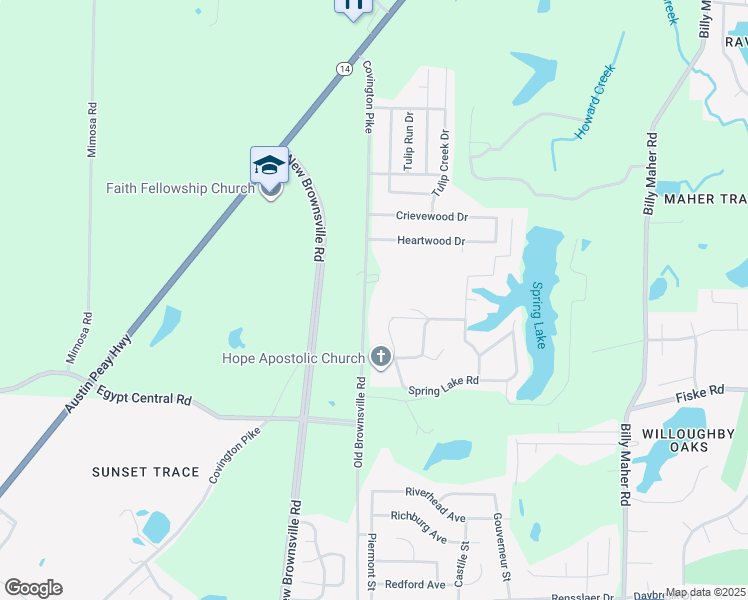 map of restaurants, bars, coffee shops, grocery stores, and more near 4380 Old Brownsville Road in Memphis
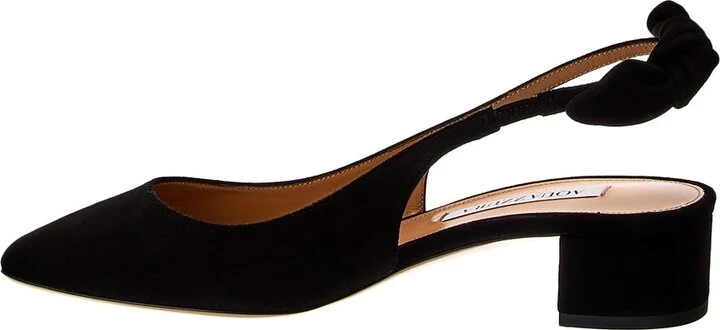 Aquazzura Very Bow Tie 35 Suede Slingback Pump - Image 2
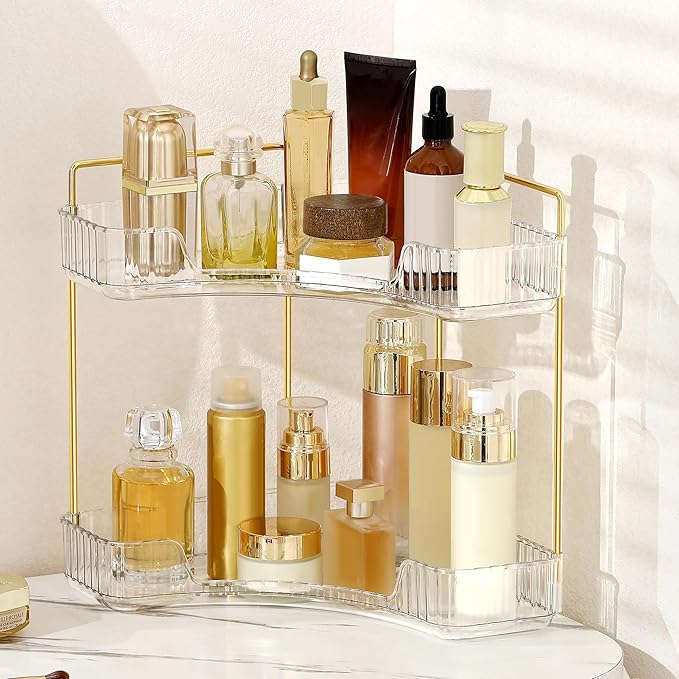 Corner Bathroom Counter Organizer Bathroom Countertop Shelf Makeup Organizer for Vanity Perfume Tray for Corner Storage (2 Ti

→ WORK TO COMPLETE:
Here the job is to quote the lines from the one with "Aquazzura Very Bow" through the end of the material, both included, exactly; please skip the pictures.

→ WRITTEN ANSWER:
 Aquazzura Very Bow Tie 35 Suede Slingback Pump - Image 2
 Corner Bathroom Counter Organizer Bathroom Countertop Shelf Makeup Organizer for Vanity Perfume Tray for Corner Storage (2 Ti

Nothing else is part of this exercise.